稲川会館の内部の様子について、警察当局の捜査幹部は「寺岡は6代目(山口組)のカシラの高山と直接会って謝罪した。面会時間は40分ほどだった」と明かしたうえで、次のように解説した。
「山口組が2015年に分裂する前、寺岡は子分として6代目山口組組長の盃を受けていた。しかし分裂にあたって公然と反旗を翻し、神戸山口組の傘下についていた。そのことをまず謝罪したようだ。それには当然、命の保証をしてもらう意図があっただろう。神戸山口組に対して強硬派の高山が、寺岡の謝罪の申し入れを受けた理由までは分からない。ただ寺岡はすでに神戸山口組から脱退を表明しているし、絶縁の処分も受けているという経緯も踏まえて判断したのだろう」
寺岡は謝罪を終えると、出迎えの時と同じ稲川会最高幹部に伴われて稲川会館を後にし、新横浜駅から新幹線で兵庫県への帰路についた。早朝から6代目山口組幹部、稲川会幹部、寺岡の動向を追尾していた捜査員らも新幹線乗車を確認し、襲撃事件など想定された最悪の事態は起きずに長い1日が終わった。
「6代目山口組との形勢はもはや覆しようがない」
6代目山口組への謝罪を終えた寺岡はその翌日、兵庫県警に自らの引退と侠友会の解散を届け出た。
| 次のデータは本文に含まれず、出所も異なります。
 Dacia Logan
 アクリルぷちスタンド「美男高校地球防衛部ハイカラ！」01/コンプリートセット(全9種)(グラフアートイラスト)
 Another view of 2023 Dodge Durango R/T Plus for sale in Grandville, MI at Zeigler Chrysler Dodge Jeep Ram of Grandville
配下の構成員らは6代目山口組へと移籍するとの情報もあったが、「全員がカタギになることを決めた」(前出の警察当局の捜査幹部)という。
首都圏に拠点を構える指定暴力団の古参幹部は、移籍ではなく「カタギになる」という決断についてこう指摘する。
「一人で責任を取って引退するのは理解できるが、自分としては神戸(山口組)側に組織を残すのが筋ではないかと思っていた。しかし侠友会の若い衆が6代目(山口組)側に移ると聞いていたが、解散して若い衆もカタギになるということで納得がいった」
そのうえで、次のように寺岡の心境を推し測った。
「神戸山口組は(中核組織だった)山健組や池田組などが抜けた。最近でも寺岡の侠友会、さらには(5代目時代の若頭が結成した)宅見組も脱退した。旗揚げ時の中心的な組織がすべていなくなり、勢力は小さくなるばかり。6代目山口組との形勢はもはや覆しようがない。そんな場所に自分の若い衆を戻さないという決断だったのではないだろうか」
しかし、侠友会や寺岡に対する警察当局の見方は依然として厳しい。前出の捜査幹部は、「寺岡が兵庫県警に引退と侠友会の解散を届け出たが、当面は認めない。特定抗争指定暴力団である神戸山口組傘下の2次団体として、暴力団対策法の規制の対象とする」と強調する。